Soal pakaian ibu, suami, dan kakaknya, Mayo sudah menyortir maksimal di hari pertama mengikuti arahan Marie Kondo. Lalu pakaiannya sendiri, ini lebih mudah lagi. Sehelai demi sehelai tersingkir tanpa negosiasi alot dengan dirinya.
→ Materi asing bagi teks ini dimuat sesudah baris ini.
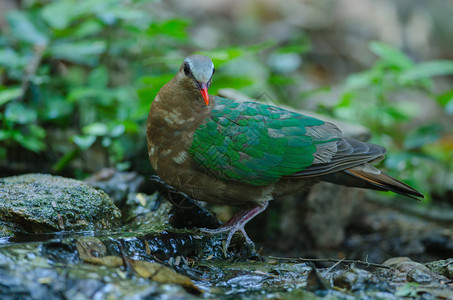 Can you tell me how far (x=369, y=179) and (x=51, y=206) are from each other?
231cm

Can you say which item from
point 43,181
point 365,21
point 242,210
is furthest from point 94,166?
point 365,21

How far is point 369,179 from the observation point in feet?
11.8

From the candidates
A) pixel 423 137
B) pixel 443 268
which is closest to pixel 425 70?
pixel 423 137

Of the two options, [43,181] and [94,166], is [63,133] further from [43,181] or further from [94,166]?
[43,181]

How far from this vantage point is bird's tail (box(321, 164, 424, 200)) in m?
3.52

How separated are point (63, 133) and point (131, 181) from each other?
2.03m

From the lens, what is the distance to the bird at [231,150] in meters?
3.30

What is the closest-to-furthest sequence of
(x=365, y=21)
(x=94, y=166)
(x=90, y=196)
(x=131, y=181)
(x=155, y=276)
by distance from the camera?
1. (x=155, y=276)
2. (x=90, y=196)
3. (x=131, y=181)
4. (x=94, y=166)
5. (x=365, y=21)

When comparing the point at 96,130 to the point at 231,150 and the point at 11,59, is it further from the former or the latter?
the point at 231,150

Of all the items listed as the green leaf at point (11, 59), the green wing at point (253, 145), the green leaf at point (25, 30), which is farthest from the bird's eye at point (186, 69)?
the green leaf at point (25, 30)

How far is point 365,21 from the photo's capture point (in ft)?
40.5

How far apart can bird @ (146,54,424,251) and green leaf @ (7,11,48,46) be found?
10.1 ft

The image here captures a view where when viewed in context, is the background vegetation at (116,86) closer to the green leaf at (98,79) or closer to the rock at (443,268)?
the green leaf at (98,79)

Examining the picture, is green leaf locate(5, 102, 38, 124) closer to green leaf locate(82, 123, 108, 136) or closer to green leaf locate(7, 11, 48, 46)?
green leaf locate(82, 123, 108, 136) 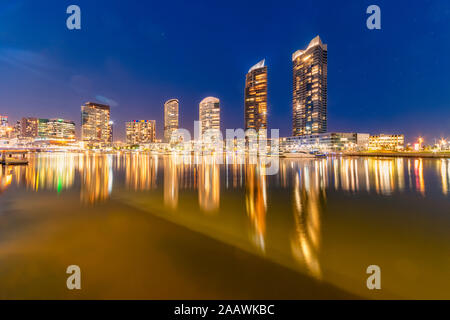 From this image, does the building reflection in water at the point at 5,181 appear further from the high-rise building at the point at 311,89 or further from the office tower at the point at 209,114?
the office tower at the point at 209,114

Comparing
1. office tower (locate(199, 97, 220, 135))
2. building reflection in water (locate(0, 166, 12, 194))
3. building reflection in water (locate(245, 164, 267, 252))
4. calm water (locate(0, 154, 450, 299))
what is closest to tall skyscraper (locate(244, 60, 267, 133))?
office tower (locate(199, 97, 220, 135))

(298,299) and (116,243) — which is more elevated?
(116,243)

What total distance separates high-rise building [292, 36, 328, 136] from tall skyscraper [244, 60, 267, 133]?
2731cm

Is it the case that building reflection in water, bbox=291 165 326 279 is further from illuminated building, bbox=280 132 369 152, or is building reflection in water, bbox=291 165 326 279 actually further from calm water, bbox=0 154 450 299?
illuminated building, bbox=280 132 369 152

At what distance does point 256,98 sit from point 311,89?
132 ft

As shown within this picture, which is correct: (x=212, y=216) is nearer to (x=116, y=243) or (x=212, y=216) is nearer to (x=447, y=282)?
(x=116, y=243)

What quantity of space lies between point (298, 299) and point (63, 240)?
18.3 ft

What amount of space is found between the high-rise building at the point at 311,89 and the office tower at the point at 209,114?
68.3 m

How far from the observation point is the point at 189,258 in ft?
13.7

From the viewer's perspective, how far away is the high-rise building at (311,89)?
470 feet

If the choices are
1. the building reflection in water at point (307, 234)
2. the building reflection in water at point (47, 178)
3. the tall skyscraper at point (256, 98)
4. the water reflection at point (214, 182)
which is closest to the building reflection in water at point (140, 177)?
the water reflection at point (214, 182)

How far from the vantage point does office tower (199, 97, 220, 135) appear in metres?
182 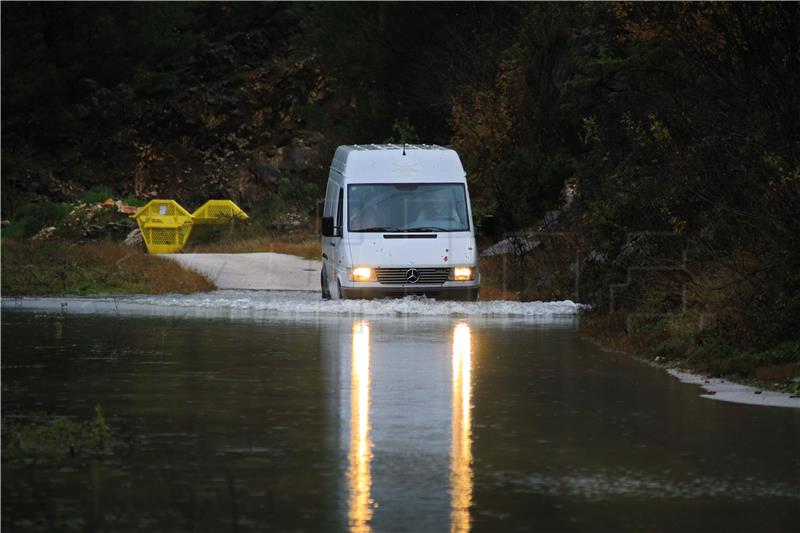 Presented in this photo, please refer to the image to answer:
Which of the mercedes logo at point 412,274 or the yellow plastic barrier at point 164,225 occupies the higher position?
the yellow plastic barrier at point 164,225

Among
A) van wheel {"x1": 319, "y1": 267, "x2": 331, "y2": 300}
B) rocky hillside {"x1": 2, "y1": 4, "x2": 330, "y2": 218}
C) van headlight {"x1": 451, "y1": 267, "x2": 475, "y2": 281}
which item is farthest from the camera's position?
rocky hillside {"x1": 2, "y1": 4, "x2": 330, "y2": 218}

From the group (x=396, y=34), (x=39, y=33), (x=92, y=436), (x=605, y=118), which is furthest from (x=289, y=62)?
(x=92, y=436)

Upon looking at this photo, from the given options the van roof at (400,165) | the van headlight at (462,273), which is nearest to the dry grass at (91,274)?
the van roof at (400,165)

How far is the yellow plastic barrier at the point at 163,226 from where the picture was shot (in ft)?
151

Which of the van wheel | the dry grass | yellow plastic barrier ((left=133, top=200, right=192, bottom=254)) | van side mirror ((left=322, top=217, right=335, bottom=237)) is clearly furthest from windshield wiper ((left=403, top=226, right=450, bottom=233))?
yellow plastic barrier ((left=133, top=200, right=192, bottom=254))

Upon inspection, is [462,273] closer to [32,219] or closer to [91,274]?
[91,274]

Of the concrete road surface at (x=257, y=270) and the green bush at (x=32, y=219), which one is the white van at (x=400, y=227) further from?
the green bush at (x=32, y=219)

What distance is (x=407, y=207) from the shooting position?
28156mm

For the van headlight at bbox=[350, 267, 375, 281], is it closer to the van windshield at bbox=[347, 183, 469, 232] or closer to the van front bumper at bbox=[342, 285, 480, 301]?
the van front bumper at bbox=[342, 285, 480, 301]

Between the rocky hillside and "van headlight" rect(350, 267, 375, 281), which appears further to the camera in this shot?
the rocky hillside

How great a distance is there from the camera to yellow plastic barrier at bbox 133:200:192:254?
4588cm

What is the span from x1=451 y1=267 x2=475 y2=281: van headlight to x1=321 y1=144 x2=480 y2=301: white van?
0.02 metres

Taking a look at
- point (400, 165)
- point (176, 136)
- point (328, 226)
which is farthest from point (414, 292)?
point (176, 136)

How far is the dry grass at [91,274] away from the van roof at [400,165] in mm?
5073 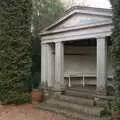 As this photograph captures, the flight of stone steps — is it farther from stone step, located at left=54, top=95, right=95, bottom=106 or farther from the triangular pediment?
the triangular pediment

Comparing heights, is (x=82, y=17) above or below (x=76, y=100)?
above

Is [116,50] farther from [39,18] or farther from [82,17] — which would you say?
[39,18]

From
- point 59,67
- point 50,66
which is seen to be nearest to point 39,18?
point 50,66

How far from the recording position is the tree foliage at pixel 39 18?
561 inches

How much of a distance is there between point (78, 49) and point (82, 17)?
3.32m

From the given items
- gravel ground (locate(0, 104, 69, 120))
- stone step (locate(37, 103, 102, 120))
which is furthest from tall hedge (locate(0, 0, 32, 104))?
stone step (locate(37, 103, 102, 120))

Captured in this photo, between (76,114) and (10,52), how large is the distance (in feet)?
14.1

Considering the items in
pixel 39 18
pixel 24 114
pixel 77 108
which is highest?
pixel 39 18

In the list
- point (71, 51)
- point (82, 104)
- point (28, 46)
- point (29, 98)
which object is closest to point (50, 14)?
point (71, 51)

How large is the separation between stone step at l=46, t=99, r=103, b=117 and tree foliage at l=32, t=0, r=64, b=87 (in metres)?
4.05

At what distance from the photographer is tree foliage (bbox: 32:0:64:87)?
561 inches

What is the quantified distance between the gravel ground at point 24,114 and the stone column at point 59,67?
58.7 inches

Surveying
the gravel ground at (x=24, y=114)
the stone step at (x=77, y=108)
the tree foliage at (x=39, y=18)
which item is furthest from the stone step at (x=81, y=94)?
the tree foliage at (x=39, y=18)

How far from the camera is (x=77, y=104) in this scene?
929 centimetres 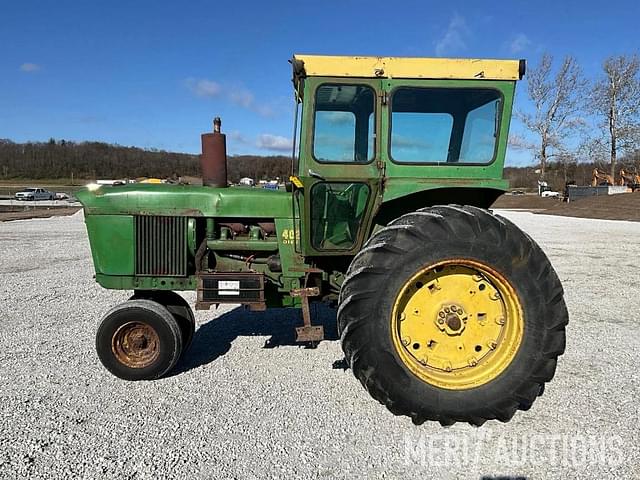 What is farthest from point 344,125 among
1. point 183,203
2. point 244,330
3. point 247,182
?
point 244,330

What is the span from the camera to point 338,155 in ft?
12.1

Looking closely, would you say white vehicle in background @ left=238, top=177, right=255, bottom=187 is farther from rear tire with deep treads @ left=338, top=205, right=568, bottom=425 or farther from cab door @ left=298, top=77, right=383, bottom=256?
rear tire with deep treads @ left=338, top=205, right=568, bottom=425

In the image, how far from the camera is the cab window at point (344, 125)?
3.64m

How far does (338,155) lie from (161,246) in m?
1.81

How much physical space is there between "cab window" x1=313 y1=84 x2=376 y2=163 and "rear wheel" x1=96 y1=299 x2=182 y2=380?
1.92 m

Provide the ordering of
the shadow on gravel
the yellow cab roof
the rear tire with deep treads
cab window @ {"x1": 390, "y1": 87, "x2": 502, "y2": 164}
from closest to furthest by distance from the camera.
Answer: the rear tire with deep treads, the yellow cab roof, cab window @ {"x1": 390, "y1": 87, "x2": 502, "y2": 164}, the shadow on gravel

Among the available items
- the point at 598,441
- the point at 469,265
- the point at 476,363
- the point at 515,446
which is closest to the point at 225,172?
the point at 469,265

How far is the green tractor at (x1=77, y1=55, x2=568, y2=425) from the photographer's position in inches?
124

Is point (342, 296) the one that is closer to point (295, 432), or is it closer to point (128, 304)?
point (295, 432)

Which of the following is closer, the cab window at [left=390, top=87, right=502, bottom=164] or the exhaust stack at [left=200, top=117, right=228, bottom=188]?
the cab window at [left=390, top=87, right=502, bottom=164]

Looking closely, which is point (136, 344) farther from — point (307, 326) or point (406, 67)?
point (406, 67)

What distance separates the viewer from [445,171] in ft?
12.1

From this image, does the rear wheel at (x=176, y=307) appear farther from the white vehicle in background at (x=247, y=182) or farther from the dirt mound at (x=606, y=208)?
the dirt mound at (x=606, y=208)

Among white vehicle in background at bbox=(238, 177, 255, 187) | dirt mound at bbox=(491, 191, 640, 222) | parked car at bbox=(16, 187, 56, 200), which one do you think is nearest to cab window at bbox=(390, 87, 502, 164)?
white vehicle in background at bbox=(238, 177, 255, 187) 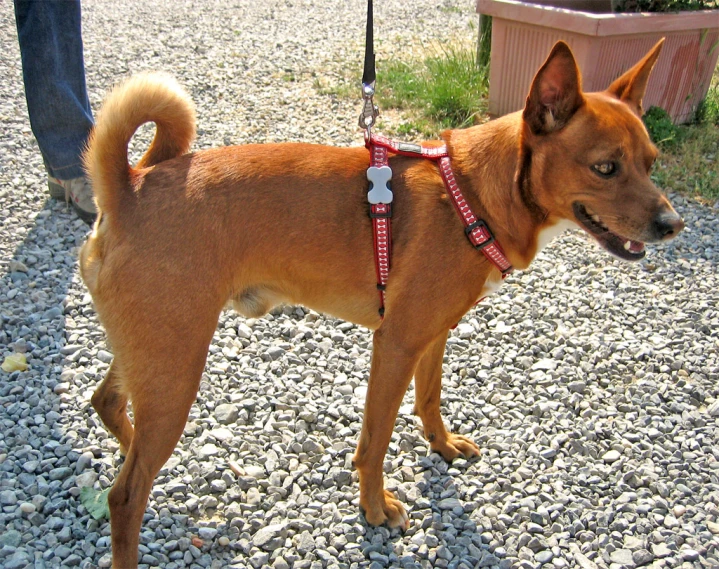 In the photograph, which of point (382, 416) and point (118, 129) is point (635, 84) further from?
point (118, 129)

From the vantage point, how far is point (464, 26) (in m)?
11.0

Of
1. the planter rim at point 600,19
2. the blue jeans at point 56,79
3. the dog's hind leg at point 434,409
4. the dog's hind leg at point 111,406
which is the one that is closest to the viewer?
the dog's hind leg at point 111,406

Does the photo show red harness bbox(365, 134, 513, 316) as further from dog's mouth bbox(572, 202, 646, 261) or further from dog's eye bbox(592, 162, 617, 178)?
dog's eye bbox(592, 162, 617, 178)

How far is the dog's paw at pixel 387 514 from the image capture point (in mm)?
2857

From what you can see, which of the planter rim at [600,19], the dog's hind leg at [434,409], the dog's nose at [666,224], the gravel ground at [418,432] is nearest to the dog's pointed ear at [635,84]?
the dog's nose at [666,224]

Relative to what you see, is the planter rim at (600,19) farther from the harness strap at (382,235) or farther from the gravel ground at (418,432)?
the harness strap at (382,235)

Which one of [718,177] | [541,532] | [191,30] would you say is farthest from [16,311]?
[191,30]

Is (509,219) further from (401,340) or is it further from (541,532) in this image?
(541,532)

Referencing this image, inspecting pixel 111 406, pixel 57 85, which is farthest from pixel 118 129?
pixel 57 85

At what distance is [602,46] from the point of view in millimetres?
5949

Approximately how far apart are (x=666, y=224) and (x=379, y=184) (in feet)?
3.70

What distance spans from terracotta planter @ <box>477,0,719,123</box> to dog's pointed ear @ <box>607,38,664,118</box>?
3.26 meters

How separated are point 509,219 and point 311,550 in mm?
1605

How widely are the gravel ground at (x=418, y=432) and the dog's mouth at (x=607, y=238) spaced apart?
3.66 ft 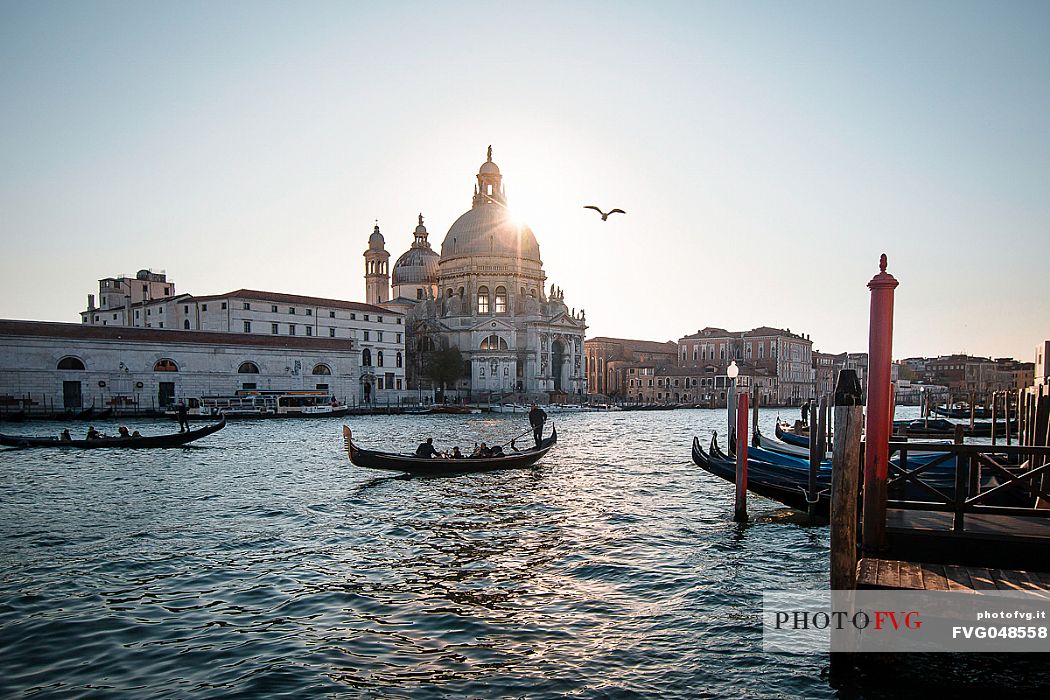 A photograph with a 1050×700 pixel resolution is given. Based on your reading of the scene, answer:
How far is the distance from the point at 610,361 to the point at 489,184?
89.9ft

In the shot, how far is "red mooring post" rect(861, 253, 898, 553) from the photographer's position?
19.9 feet

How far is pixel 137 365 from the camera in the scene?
4059 cm

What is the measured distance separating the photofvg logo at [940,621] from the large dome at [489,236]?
66.8 metres

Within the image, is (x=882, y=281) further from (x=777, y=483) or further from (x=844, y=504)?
(x=777, y=483)

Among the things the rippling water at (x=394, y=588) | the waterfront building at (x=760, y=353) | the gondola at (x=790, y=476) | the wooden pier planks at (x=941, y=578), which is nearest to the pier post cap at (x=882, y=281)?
the wooden pier planks at (x=941, y=578)

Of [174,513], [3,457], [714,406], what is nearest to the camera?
[174,513]

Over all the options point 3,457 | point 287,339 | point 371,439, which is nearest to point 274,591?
point 3,457

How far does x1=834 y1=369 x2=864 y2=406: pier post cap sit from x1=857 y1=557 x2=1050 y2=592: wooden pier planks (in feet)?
4.15

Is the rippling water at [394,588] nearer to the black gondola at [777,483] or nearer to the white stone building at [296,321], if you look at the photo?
the black gondola at [777,483]

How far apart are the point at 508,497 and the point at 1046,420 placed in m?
8.73

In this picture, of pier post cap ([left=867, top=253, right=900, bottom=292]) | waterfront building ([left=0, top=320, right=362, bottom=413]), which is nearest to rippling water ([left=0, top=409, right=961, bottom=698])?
pier post cap ([left=867, top=253, right=900, bottom=292])

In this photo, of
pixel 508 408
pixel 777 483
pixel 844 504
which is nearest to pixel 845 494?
pixel 844 504

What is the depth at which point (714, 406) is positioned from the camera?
76750 millimetres

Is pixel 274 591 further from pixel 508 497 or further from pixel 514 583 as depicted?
pixel 508 497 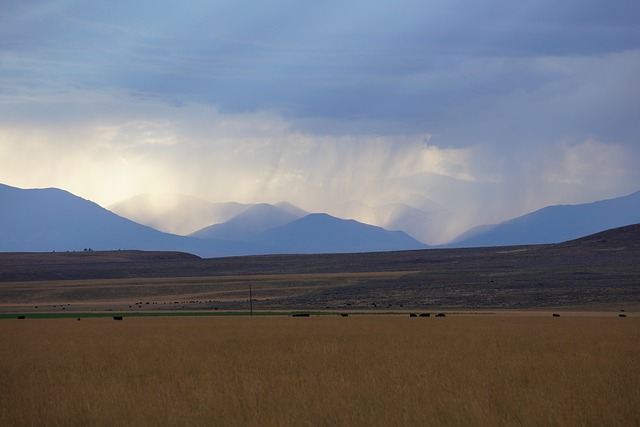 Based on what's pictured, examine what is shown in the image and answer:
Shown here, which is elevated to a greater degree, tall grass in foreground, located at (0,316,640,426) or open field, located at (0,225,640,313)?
open field, located at (0,225,640,313)

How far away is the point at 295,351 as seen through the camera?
97.2ft

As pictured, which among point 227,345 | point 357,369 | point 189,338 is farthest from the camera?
point 189,338

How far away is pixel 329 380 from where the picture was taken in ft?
67.7

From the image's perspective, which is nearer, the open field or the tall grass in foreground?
the tall grass in foreground

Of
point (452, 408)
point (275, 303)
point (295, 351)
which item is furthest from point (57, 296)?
point (452, 408)

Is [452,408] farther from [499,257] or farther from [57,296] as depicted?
[499,257]

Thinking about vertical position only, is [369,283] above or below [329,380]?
above

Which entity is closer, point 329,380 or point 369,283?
point 329,380

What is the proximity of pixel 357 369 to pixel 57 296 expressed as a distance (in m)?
87.2

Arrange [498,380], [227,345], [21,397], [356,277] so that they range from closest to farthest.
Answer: [21,397] → [498,380] → [227,345] → [356,277]

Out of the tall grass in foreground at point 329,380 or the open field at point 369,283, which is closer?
the tall grass in foreground at point 329,380

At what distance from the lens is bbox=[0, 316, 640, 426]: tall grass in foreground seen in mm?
15781

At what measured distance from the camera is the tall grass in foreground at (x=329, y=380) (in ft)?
51.8

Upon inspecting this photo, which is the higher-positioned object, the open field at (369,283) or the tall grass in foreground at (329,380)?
the open field at (369,283) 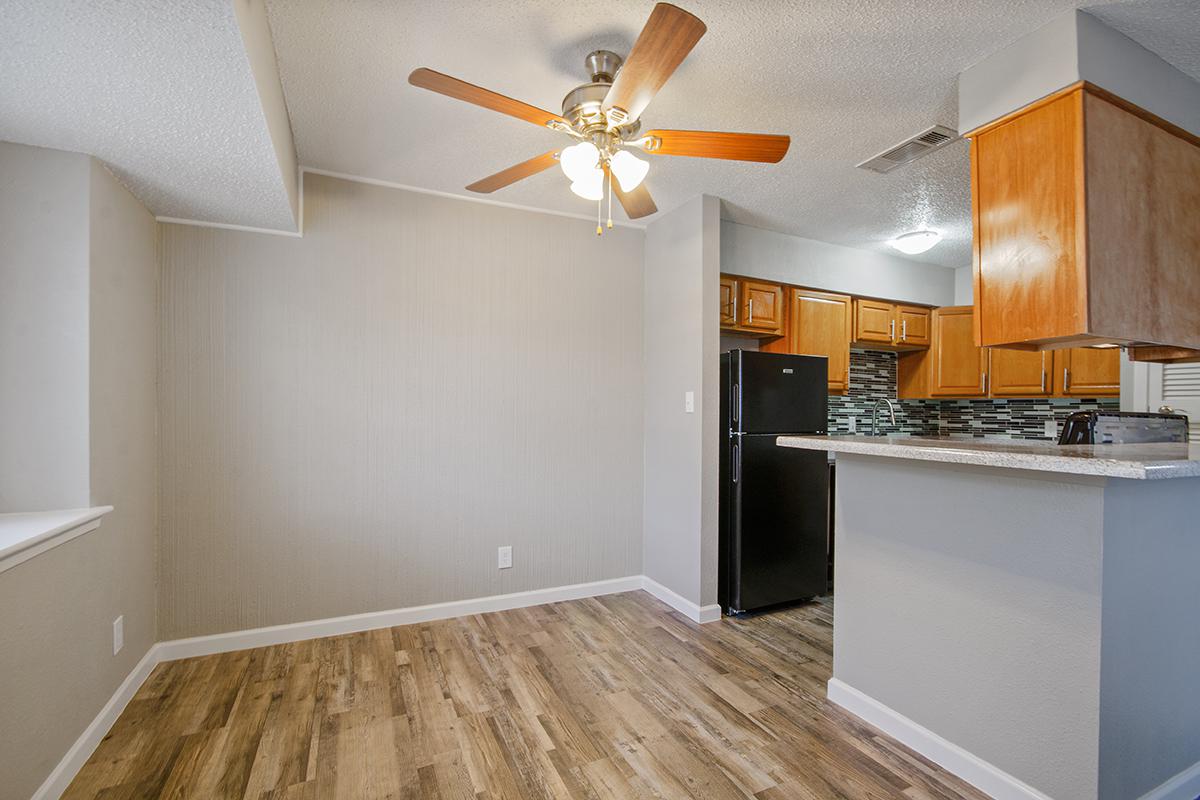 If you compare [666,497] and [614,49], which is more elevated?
[614,49]

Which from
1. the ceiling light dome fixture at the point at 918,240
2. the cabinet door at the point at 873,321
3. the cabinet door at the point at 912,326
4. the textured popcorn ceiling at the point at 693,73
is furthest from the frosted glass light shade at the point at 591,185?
the cabinet door at the point at 912,326

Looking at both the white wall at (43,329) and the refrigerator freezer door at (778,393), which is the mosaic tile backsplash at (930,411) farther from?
the white wall at (43,329)

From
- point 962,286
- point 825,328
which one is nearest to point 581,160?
point 825,328

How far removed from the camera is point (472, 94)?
61.9 inches

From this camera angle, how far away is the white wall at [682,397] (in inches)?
120

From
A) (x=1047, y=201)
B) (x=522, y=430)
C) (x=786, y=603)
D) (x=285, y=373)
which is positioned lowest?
(x=786, y=603)

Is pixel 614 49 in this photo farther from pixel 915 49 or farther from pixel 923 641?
pixel 923 641

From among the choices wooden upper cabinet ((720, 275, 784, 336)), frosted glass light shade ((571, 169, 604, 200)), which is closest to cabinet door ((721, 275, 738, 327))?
wooden upper cabinet ((720, 275, 784, 336))

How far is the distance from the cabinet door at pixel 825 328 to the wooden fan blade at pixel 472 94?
2.59 m

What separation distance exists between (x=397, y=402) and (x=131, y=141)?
4.95ft

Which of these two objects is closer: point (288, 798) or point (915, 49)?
point (288, 798)

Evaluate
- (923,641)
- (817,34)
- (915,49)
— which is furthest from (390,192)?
(923,641)

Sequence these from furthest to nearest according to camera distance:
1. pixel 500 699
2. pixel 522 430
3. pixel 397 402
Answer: pixel 522 430 → pixel 397 402 → pixel 500 699

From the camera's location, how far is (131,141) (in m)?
1.83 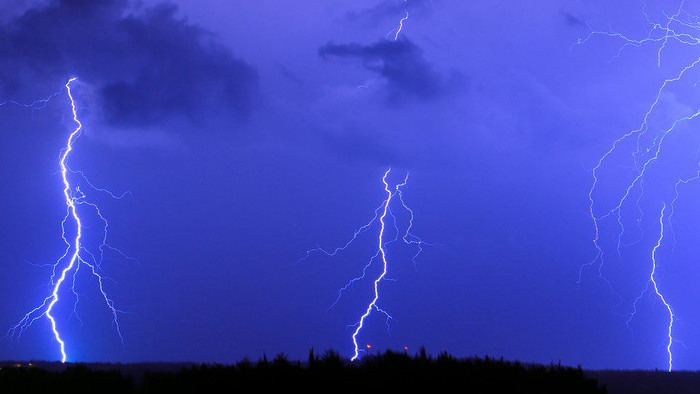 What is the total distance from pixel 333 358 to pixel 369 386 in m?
0.87

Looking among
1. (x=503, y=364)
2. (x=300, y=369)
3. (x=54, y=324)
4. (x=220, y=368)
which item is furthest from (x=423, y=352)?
(x=54, y=324)

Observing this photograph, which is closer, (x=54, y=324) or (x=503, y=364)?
(x=503, y=364)

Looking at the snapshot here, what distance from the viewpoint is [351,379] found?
6.76m

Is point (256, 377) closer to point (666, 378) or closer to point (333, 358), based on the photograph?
point (333, 358)

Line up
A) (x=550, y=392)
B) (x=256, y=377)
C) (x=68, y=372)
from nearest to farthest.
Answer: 1. (x=550, y=392)
2. (x=256, y=377)
3. (x=68, y=372)

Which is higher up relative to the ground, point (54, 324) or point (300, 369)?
point (54, 324)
Ia sisihkan semua yang sudah tak muat untuk tubuhnya, di keranjang A. Pakaian yang masih muat tetapi modelnya sudah tak terlalu suka, masuk ke keranjang B. T-shirt kampanye dengan tagar dari SaveOrangutan, SavePegununganKapur, SaveHutanBakau, SavePantai, SavePetani, SaveBumi hingga SaveYourself dan SaveYourHeart sudah ia kepak dalam satu kotak karton. Total terkumpul empat karton besar sudah diberangkatkan ke lembaga yang menampung pakaian pantas pakai.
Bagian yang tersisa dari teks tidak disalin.